The shift also makes sense for how we see ourselves now. TikTok’s front camera shows every pore. Ring lights create harsh shadows. Cloud skin is designed to look good on camera without editing. That is why it exploded to 3.4 million views in under a year.
Cloud Skin Makeup Tutorial: 5 Steps to Soft-Focus Skin
This cloud skin makeup tutorial uses five steps. The whole routine takes about eight to ten minutes once you get the hang of it. You do not need expensive products. Drugstore works fine here because the technique matters more than the price tag.
Step 1: Prep your skin with a hydrating primer
Cloud skin starts with hydration. Your skin needs to be smooth and plump before anything else goes on. After your morning moisturizer and sunscreen, apply a hydrating primer. Look for one with hyaluronic acid or glycerin. Avoid anything with shimmer or a dewy finish. You want a smooth, slightly tacky base that fills in pores.
I use a silicone-free hydrating primer because silicone ones can pill under skin tints. Apply it with your fingers and press it into your skin instead of rubbing. Give it about sixty seconds to set before the next step.
Step 2: Apply a skin tint or light coverage foundation
This is where cloud skin separates from glass skin. Instead of a luminous, dewy foundation, you want a skin tint or light coverage foundation with a natural to satin finish. The key word is “skin-like.” You want coverage that evens out your tone without looking like makeup.
Apply it with a damp beauty sponge. The sponge sheers out the product and creates that blurred, second-skin effect. Bounce it into your skin. Do not swipe or drag. If you need more coverage in certain spots, use a tiny bit of concealer only where you need it. Tap it in with your ring finger.

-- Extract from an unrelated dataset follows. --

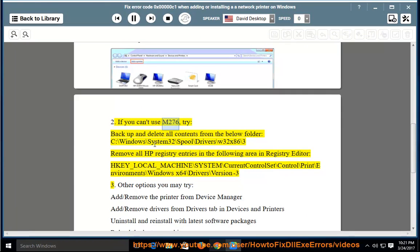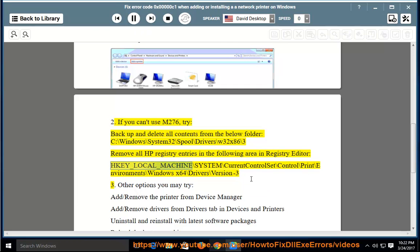2. If you can't use M276, try: backup and delete all contents from the folder C:\Windows\System32\spool\drivers\w32x86\3. Then remove all HP registry entries in the following area in Registry Editor: HKEY_LOCAL_MACHINE\SYSTEM\CurrentControlSet\Control\Print\Environments\Windows x64\Drivers\Version 3.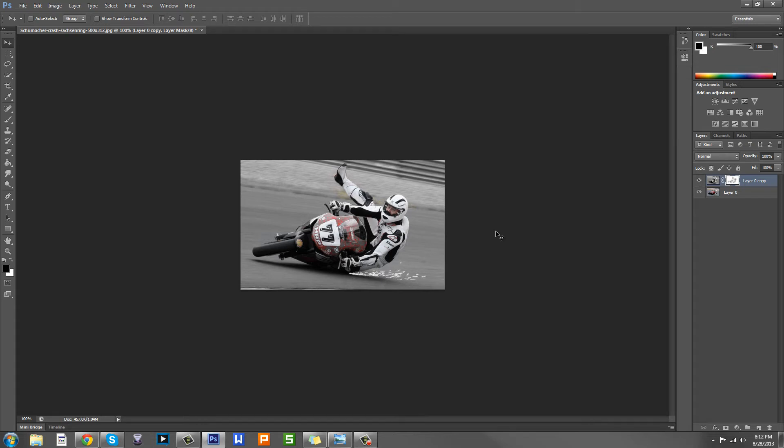Hey guys, this is Josh and this is Quick Tip of the Week. This week I'm going to be teaching you how to work with masks. Let's get started.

Step 3: Add cream blush for a natural flush
Cream products are essential for cloud skin. Powder blush sits on top of the skin and can look patchy. Cream blush melts into the base and creates that lit-from-within warmth that makes cloud skin look alive.
Smile and apply cream blush to the apples of your cheeks. Blend it upward toward your temples with your fingers or a sponge. The goal is a soft wash of color, not a defined stripe. Soft pink, peach, or dusty rose shades work best for this look. A study published in Perception found that cheek coloration is one of the strongest visual cues humans use to assess health. That is why the blush step makes such a big difference.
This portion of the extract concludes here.